New venue is built on long musical tradition
Bella Hall will be home to concerts, other arts events
Friday, Mount Royal University hosted a news conference unlike any other. “It’s not very often you’re invited to an outdoor event,” said university president David Docherty, “in a construction zone, in a tent, in December. “So,” he added, “welcome.” For Mount Royal Conservatory director Paul Dornian — and politicians representing every level of government, university officials, students, faculty, artists and one very generous family of major donors — Friday delivered the city’s music community its finest Christmas present ever: the start of construction on Bella Music Hall, a concert hall that, when it is completed about 25 months from now, will be among the city’s finest live music venues.
“I’m ecstatic,” Dornian said at a reception after a news conference that featured Alberta culture minister Heather Klimchuk, Alderman Brian Pincott and newly elected Conservative MP Joan Crockatt, in addition to Docherty, benefactor Don Taylor and construction head John Simpson.
“It’s been 12 years of work,” said Dornian. “It’s been a long road, and it’s very exciting. I think I was most excited the first time I heard the cement mixer start up.”
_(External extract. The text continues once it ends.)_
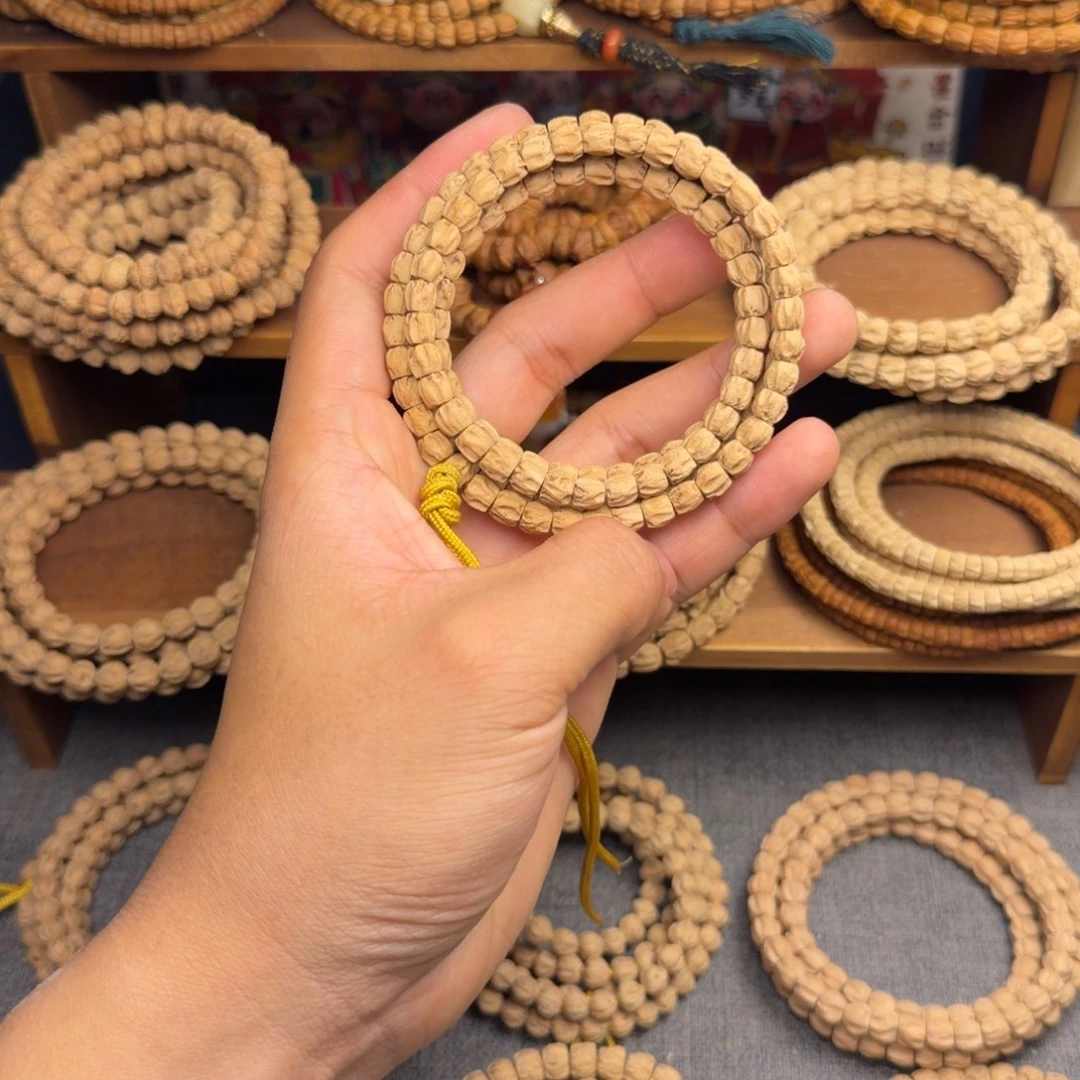 柏木超级福利热振方块鬼柏香籽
Docherty said it was fitting for the city to have a new concert hall — in addition to a new conservatory featuring 65 soundproof rehearsal studios — built at Mount Royal, which has a long-honoured tradition of music education.
“The Conservatory has been a cornerstone of teaching at Mount Royal for more than a century,” Docherty said. “More than 6,000 students come to study at the Conservatory every year.
“We will build a haven for students, faculty, community and visiting artists.”
Crockatt said, “arts and culture and learning are absolutely integral to a community.
“At the heart of it,” she added, “the Bella Concert Hall will be a unique venue, with 774 seats.”
“Music was on the curriculum right from the start at Mount Royal,” said Klimchuk.
“This whole remarkable building will highlight the role of music and, by extension, culture in our lives.
“Upon completion,” she said, “The Bella Music Hall will be music to our ears.”
The cost of the project was divided among the federal and provincial governments (each contributing up to $20 million), the City of Calgary ($10.3 million), the university (over $3 million in land and project costs), as well as the Taylor family, which individually contributed $21 million.
That prompted the most heartfelt speech of them all, from Don Taylor.
He told the story of how his grandmother arrived on a train from the east in 1912, got stranded overnight and sat on her suitcase until her husband found her. She worked on the family farm in Barons until the Taylor family lost it in the 1937 depression, whereupon she moved to Calgary and ran a boarding house at 12th Avenue and 6th Street.
“It is with great pride,” he said, “that the Taylor matriarch — Bella — is going to have her name on this concert hall. “I can’t wait for it to open.” For Dornian, the news conference was an opportunity to reflect for a moment on the music scene in Calgary the past few months, which has included the Honens Piano Competition, the world premiere of a new CPO Commission, Afghanistan: Requiem for a Generation and on Thursday night, former Conservatory student Jan Lisiecki performed at Avery Fisher Hall in Lincoln Centre with the New York Philharmonic.
“That’s an exciting moment,” Dornian said.
“It’s a sign of where the whole (Calgary) music community has gotten to.
“Hopefully,” he added, “there will be more milestone moments, too.”